You can always call rdd.isEmpty()
Andy
private static void save(JavaDStream<String> jsonRdd, String outputURI)
{
jsonTweets.foreachRDD(new VoidFunction2<JavaRDD<String>, Time>() {
private static final long serialVersionUID = 1L;
@Override
public void call(JavaRDD<String> rdd, Time time) throws
Exception {
if(!rdd.isEmpty()) {
String dirPath = outputURI + "-" + time.milliseconds();
rdd.saveAsTextFile(dirPath);
}
}
});
From: Sebastian Piu <[email protected]>
Reply-To: <[email protected]>
Date: Thursday, February 11, 2016 at 1:19 PM
To: "Shixiong (Ryan) Zhu" <[email protected]>
Cc: Sebastian Piu <[email protected]>, "user @spark"
<[email protected]>
Subject: Re: Skip empty batches - spark streaming
>
> Yes, and as far as I recall it also has partitions (empty) which screws up the
> isEmpty call if the rdd has been transformed down the line. I will have a look
> tomorrow at the office and see if I can collaborate
>
> On 11 Feb 2016 9:14 p.m., "Shixiong(Ryan) Zhu" <[email protected]>
> wrote:
>> Yeah, DirectKafkaInputDStream always returns a RDD even if it's empty. Feel
>> free to send a PR to improve it.
>>
>> On Thu, Feb 11, 2016 at 1:09 PM, Sebastian Piu <[email protected]>
>> wrote:
>>>
>>> I'm using the Kafka direct stream api but I can have a look on extending it
>>> to have this behaviour
>>>
>>> Thanks!
>>>
>>> On 11 Feb 2016 9:07 p.m., "Shixiong(Ryan) Zhu" <[email protected]>
>>> wrote:
>>>> Are you using a custom input dstream?
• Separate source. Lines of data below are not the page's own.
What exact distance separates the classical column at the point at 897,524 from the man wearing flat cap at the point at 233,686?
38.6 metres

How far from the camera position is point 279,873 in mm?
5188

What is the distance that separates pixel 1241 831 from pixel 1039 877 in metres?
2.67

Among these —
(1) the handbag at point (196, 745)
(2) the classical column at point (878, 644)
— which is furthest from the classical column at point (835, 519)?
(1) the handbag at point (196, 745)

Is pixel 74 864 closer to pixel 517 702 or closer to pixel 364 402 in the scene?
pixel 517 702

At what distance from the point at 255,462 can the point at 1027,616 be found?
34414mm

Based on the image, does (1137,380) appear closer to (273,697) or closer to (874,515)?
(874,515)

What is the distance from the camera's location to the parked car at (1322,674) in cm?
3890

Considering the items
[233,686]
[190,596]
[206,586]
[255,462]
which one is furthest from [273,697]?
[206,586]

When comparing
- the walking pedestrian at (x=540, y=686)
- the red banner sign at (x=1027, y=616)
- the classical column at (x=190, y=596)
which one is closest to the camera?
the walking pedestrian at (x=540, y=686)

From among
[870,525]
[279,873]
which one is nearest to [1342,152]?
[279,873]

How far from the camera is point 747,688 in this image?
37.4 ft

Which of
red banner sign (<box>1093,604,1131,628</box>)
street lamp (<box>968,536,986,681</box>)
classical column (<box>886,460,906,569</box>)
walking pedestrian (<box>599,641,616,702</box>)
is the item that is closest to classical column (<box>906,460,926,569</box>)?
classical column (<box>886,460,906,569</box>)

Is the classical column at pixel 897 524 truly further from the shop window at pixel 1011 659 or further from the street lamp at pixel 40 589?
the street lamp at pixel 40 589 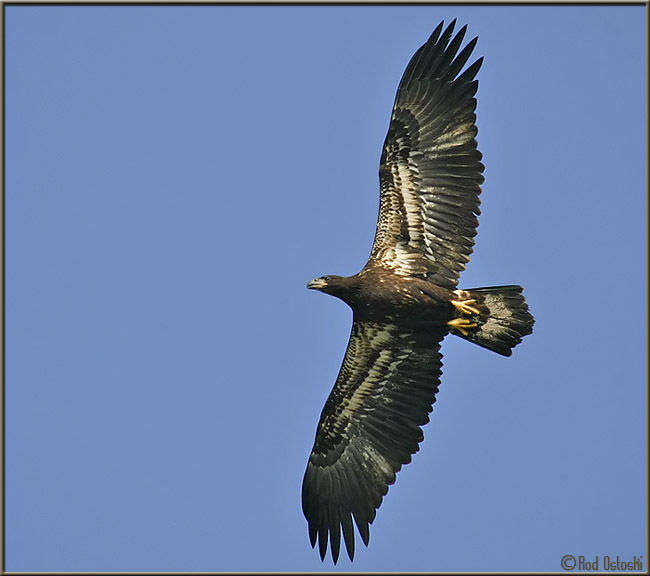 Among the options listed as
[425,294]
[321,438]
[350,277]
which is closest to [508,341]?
[425,294]

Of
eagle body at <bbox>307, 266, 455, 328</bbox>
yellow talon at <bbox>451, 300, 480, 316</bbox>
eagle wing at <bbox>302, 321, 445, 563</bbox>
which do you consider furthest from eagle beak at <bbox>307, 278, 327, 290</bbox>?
yellow talon at <bbox>451, 300, 480, 316</bbox>

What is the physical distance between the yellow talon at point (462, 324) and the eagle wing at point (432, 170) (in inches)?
21.0

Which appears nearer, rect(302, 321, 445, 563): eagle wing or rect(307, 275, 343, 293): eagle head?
rect(307, 275, 343, 293): eagle head

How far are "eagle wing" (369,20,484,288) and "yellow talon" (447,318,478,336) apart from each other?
21.0 inches

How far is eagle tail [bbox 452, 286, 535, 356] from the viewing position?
592 inches

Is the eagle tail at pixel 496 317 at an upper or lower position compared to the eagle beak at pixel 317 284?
lower

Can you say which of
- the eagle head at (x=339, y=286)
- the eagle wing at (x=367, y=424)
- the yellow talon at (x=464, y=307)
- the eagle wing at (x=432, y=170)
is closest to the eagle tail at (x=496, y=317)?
the yellow talon at (x=464, y=307)

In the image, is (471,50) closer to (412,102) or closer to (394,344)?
(412,102)

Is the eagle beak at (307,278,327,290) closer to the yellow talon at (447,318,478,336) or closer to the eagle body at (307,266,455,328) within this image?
the eagle body at (307,266,455,328)

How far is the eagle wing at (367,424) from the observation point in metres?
15.7

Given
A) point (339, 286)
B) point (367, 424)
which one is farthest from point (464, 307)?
point (367, 424)

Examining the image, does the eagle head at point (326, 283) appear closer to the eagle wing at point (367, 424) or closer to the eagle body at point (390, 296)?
the eagle body at point (390, 296)

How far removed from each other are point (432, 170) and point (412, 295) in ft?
6.45

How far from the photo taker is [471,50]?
606 inches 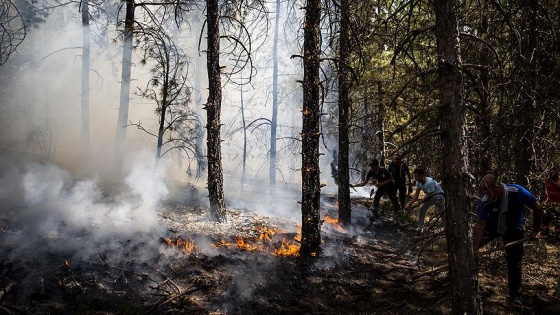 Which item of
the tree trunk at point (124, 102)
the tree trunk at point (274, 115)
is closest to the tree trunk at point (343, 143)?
the tree trunk at point (124, 102)

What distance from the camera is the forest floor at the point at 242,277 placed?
5406mm

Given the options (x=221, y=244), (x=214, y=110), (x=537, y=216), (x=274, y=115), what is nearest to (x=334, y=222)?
(x=221, y=244)

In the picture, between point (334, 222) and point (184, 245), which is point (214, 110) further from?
point (334, 222)

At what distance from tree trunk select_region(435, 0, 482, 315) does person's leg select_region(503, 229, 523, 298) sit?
2102mm

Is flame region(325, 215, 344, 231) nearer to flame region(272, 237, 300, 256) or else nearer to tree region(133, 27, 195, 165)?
flame region(272, 237, 300, 256)

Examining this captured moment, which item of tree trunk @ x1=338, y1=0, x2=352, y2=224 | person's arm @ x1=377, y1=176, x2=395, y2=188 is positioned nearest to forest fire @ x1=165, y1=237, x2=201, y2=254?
tree trunk @ x1=338, y1=0, x2=352, y2=224

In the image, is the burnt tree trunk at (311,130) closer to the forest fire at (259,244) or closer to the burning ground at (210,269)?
the forest fire at (259,244)

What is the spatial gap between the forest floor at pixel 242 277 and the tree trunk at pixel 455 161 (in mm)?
404

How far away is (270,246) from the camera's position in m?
8.20

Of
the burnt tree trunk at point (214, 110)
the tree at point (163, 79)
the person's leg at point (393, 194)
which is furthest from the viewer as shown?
the person's leg at point (393, 194)

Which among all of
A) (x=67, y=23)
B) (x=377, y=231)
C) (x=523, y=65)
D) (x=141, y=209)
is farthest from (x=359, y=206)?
(x=67, y=23)

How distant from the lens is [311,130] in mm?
7305

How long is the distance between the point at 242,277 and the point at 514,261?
15.1 feet

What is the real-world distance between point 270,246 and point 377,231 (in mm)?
4055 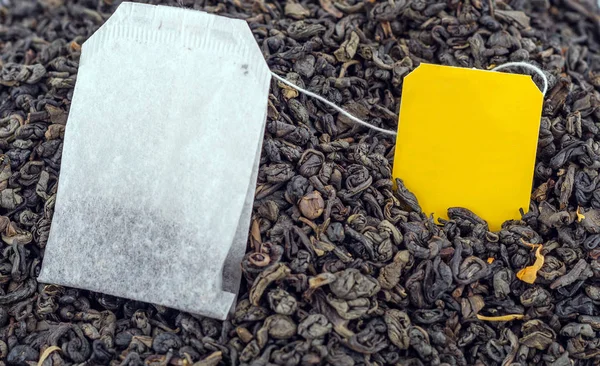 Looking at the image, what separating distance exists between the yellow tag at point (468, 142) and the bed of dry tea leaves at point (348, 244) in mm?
62

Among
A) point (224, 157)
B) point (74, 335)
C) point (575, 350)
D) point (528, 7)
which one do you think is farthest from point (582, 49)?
point (74, 335)

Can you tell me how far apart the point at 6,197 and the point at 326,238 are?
2.96 ft

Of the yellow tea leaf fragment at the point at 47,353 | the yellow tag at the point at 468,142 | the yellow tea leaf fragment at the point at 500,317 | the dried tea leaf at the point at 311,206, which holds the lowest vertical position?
the yellow tea leaf fragment at the point at 47,353

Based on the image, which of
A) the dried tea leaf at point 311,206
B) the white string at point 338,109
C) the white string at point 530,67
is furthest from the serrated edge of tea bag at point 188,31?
the white string at point 530,67

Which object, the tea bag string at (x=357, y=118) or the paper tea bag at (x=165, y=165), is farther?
the tea bag string at (x=357, y=118)

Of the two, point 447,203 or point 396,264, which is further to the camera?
point 447,203

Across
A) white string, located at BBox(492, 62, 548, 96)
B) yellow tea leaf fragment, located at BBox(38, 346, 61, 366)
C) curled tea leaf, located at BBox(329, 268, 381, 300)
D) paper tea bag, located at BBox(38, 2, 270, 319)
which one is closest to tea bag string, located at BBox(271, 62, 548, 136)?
white string, located at BBox(492, 62, 548, 96)

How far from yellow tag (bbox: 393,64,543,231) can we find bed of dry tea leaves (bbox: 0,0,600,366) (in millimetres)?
62

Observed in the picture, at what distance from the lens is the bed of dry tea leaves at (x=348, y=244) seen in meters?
1.38

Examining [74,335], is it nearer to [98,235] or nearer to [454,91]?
[98,235]

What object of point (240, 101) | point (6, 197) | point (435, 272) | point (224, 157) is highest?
point (240, 101)

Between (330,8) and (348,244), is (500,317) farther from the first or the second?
(330,8)

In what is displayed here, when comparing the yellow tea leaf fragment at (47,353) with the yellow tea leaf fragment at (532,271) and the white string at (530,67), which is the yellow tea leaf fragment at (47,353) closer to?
the yellow tea leaf fragment at (532,271)

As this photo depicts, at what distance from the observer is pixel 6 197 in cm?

If so, you can make the `compute`
>>>> method return None to skip a batch.
>>>>
>>>> On Thu, Feb 11, 2016 at 1:03 PM, Sebastian Piu <[email protected]>
>>>> wrote:
>>>>>
>>>>> I was wondering if there is there any way to skip batches with zero events
>>>>> when streaming?
>>>>> By skip I mean avoid the empty rdd from being created at all?
>>>>
>>